* _Requirement_
Make an exact copy of all the records that follow, apart from the pictures.

Provided information section start

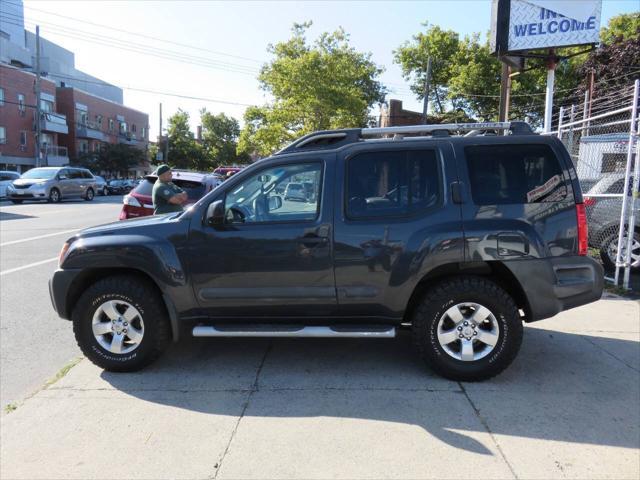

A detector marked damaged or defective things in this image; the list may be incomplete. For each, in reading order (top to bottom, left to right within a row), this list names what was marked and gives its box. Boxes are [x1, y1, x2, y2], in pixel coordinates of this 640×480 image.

sidewalk crack [210, 340, 270, 478]
sidewalk crack [458, 380, 516, 478]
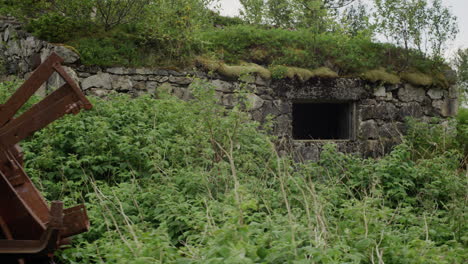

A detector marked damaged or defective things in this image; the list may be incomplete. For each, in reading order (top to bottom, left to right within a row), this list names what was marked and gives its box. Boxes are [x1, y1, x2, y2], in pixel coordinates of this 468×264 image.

rusty machinery [0, 52, 92, 262]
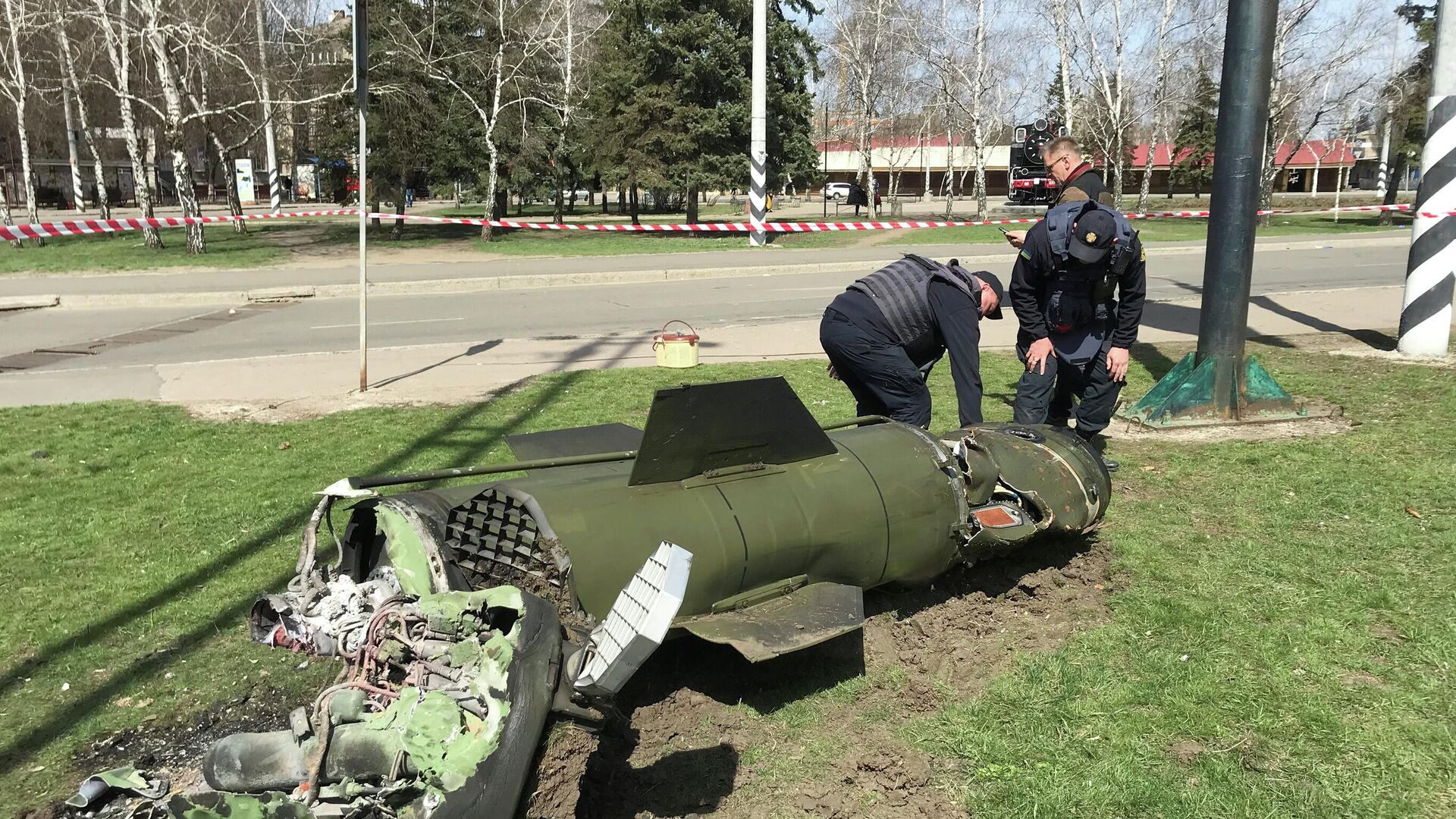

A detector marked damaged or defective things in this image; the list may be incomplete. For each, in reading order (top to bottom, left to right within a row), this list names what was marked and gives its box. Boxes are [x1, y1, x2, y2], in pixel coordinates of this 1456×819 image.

torn metal panel [678, 576, 868, 658]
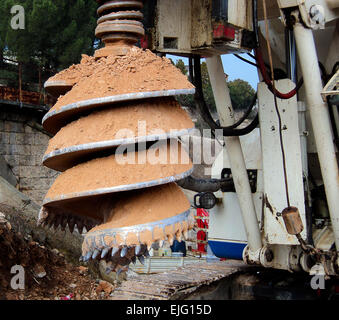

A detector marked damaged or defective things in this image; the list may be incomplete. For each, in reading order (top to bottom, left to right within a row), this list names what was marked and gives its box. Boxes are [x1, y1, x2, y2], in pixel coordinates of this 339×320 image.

rusty metal surface [111, 260, 250, 300]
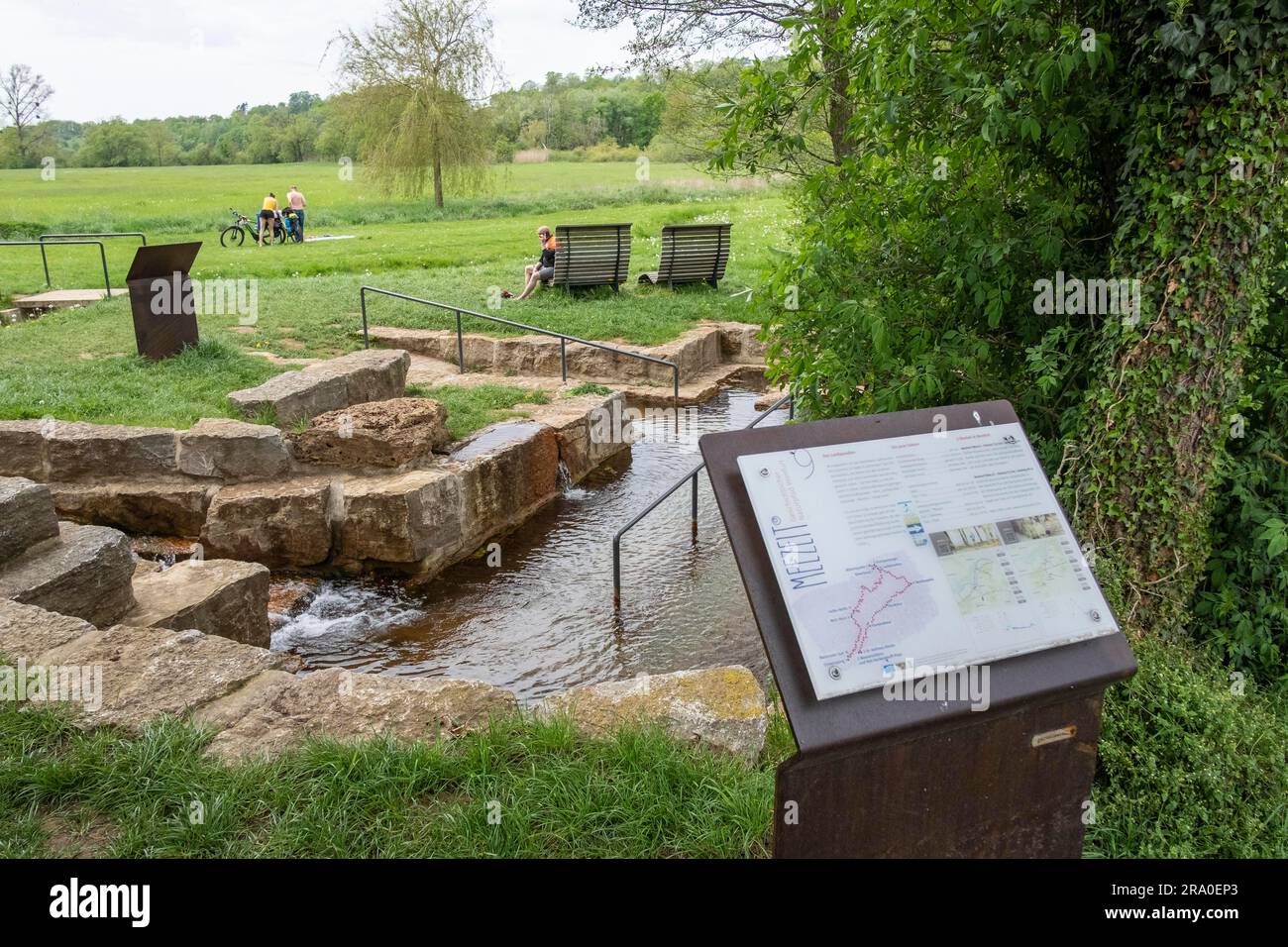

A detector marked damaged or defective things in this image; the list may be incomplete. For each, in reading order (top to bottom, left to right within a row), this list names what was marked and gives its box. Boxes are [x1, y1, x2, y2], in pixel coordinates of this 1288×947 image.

rusty metal sign pedestal [696, 399, 1138, 860]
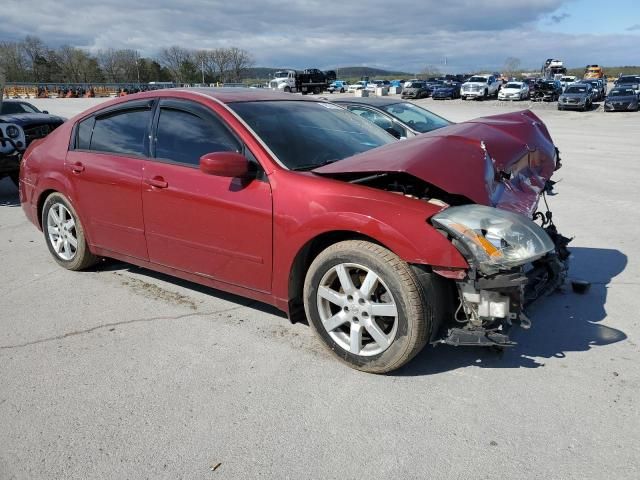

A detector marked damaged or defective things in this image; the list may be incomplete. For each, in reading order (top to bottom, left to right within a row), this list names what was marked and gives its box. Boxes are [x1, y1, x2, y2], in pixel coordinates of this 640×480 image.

crumpled front hood [312, 109, 556, 217]
damaged red sedan [17, 91, 568, 376]
broken headlight [436, 204, 556, 276]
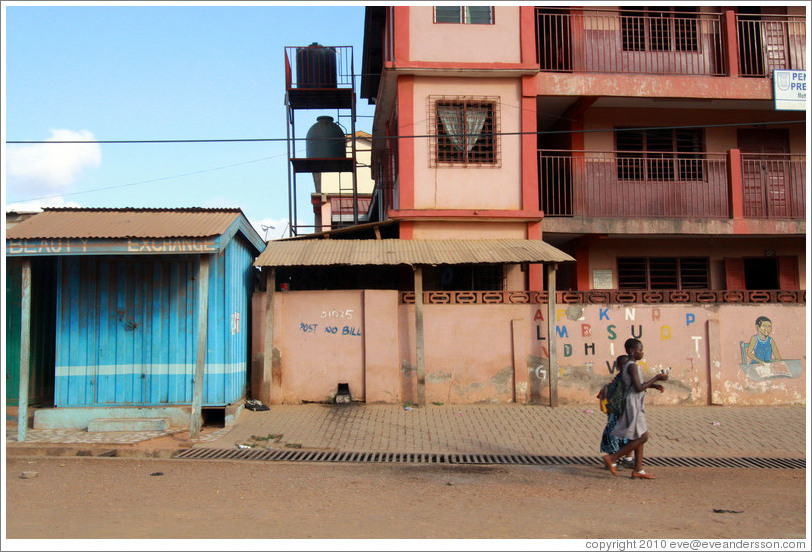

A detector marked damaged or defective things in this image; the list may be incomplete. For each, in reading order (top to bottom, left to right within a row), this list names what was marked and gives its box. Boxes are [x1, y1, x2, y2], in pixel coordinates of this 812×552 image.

rusty metal sheet [6, 207, 241, 239]
rusty metal roof [5, 207, 244, 239]
rusty metal roof [254, 237, 576, 268]
rusty metal sheet [254, 239, 576, 268]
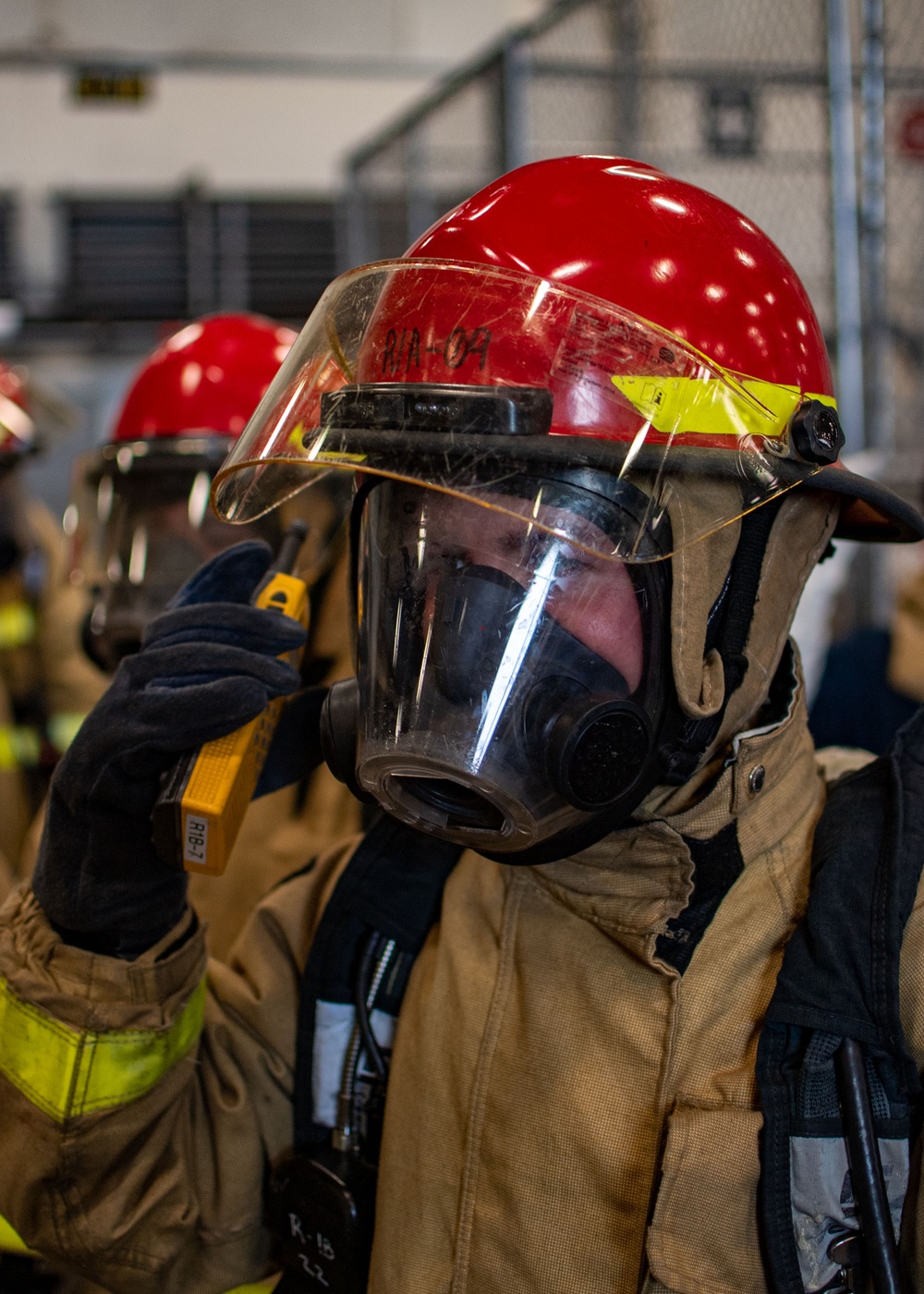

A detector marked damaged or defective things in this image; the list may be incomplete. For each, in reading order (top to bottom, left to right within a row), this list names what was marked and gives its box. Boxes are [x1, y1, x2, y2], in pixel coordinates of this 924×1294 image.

damage control gear [70, 314, 298, 673]
damage control gear [213, 157, 920, 865]
damage control gear [32, 540, 305, 954]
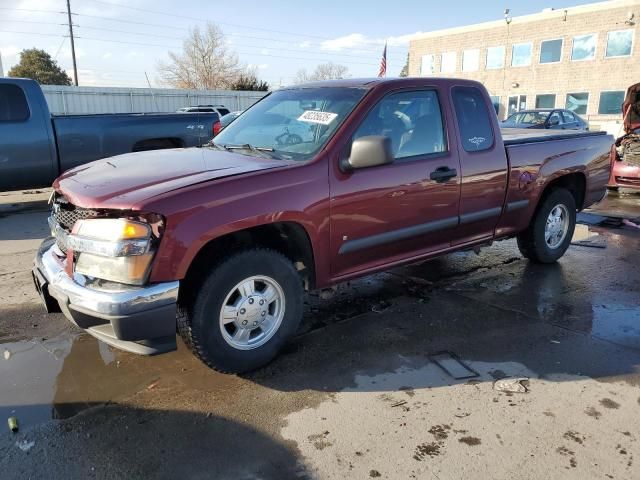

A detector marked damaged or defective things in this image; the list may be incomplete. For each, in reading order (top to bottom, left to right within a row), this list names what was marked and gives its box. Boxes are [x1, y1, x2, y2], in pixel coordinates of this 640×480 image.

damaged front bumper [33, 238, 180, 354]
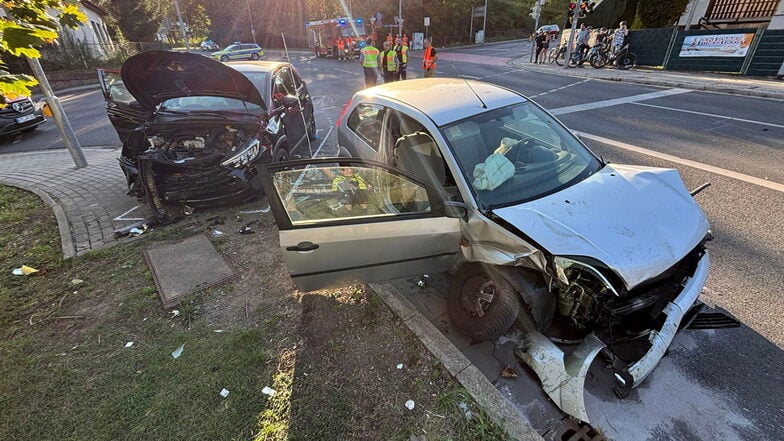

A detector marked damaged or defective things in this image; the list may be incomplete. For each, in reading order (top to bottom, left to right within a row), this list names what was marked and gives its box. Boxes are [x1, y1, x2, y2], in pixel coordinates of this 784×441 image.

Provided information section end

* _Output of the task_
A detector marked damaged or defective things in this image; the list may be incomplete. For each, in reading order (top to bottom, left to right within a row), this list names what was marked and gives its box. Boxes are [x1, y1, x2, y2], in pixel coordinates of this 640×480 image.

sidewalk crack [210, 340, 270, 478]
sidewalk crack [458, 380, 516, 478]

A detector marked damaged or defective things in this image; the list may be incomplete. For each, in reading order (top to bottom, left to right within a row), this list names what was marked and gives its box. Boxes are [x1, y1, x2, y2], in pixel coordinates of this 468×264 image.

rusty machinery [0, 52, 92, 262]

A detector marked damaged or defective things in this image; the list may be incomplete. For each, in reading order (top to bottom, left to right within a row), this list names what was marked and gives its box. Boxes are [x1, y1, x2, y2], in pixel coordinates of this 1456×819 image.

torn metal panel [678, 576, 868, 658]

A detector marked damaged or defective things in this image; the list may be incomplete. For each, in reading order (top to bottom, left to right within a row), this list names what was marked and gives its box. Boxes are [x1, y1, x2, y2], in pixel coordinates of this 339×320 image.

rusty metal surface [111, 260, 250, 300]

A detector marked damaged or defective things in this image; the list may be incomplete. For each, in reading order (top to bottom, left to right within a row), this list names what was marked and gives its box. Boxes are [x1, y1, x2, y2], in pixel coordinates of this 1288×947 image.

rusty metal sign pedestal [696, 399, 1138, 860]

A detector marked damaged or defective things in this image; the list may be incomplete. For each, in reading order (top to bottom, left to right within a row), this list names what was marked and gives its box. Boxes are [x1, y1, x2, y2], in pixel coordinates of this 640×480 image.

crumpled front hood [312, 109, 556, 217]
damaged red sedan [17, 91, 568, 376]
broken headlight [436, 204, 556, 276]

A detector marked damaged or defective things in this image; the list may be incomplete. For each, in reading order (top to bottom, left to right within a row), this list names what was marked and gives its box. Boxes are [x1, y1, x2, y2], in pixel coordinates of this 812×552 image.

rusty metal sheet [6, 207, 241, 239]
rusty metal roof [5, 207, 244, 239]
rusty metal roof [254, 237, 576, 268]
rusty metal sheet [254, 239, 576, 268]

A detector marked damaged or defective things in this image; the list may be incomplete. For each, in reading order (top to bottom, left to right within a row), this list names what was marked and gives its box. Boxes are [x1, y1, x2, y2], in pixel coordinates of this 924×1294 image.

damage control gear [70, 314, 298, 673]
damage control gear [213, 157, 920, 865]
damage control gear [32, 540, 305, 954]

A detector marked damaged or defective things in this image; the list may be incomplete. For each, in reading order (top to bottom, left to right within a row), this list names what was marked and gives its box. Boxes are [x1, y1, x2, y2], in pixel coordinates of this 640×480 image.

damaged front bumper [33, 238, 180, 354]

A detector marked damaged or defective things in this image; the list may be incomplete. For each, in reading order (top to bottom, left to right within a row), this list names what was marked and gives its box. Boxes are [x1, y1, x2, y2], in pixel coordinates of this 784×441 image.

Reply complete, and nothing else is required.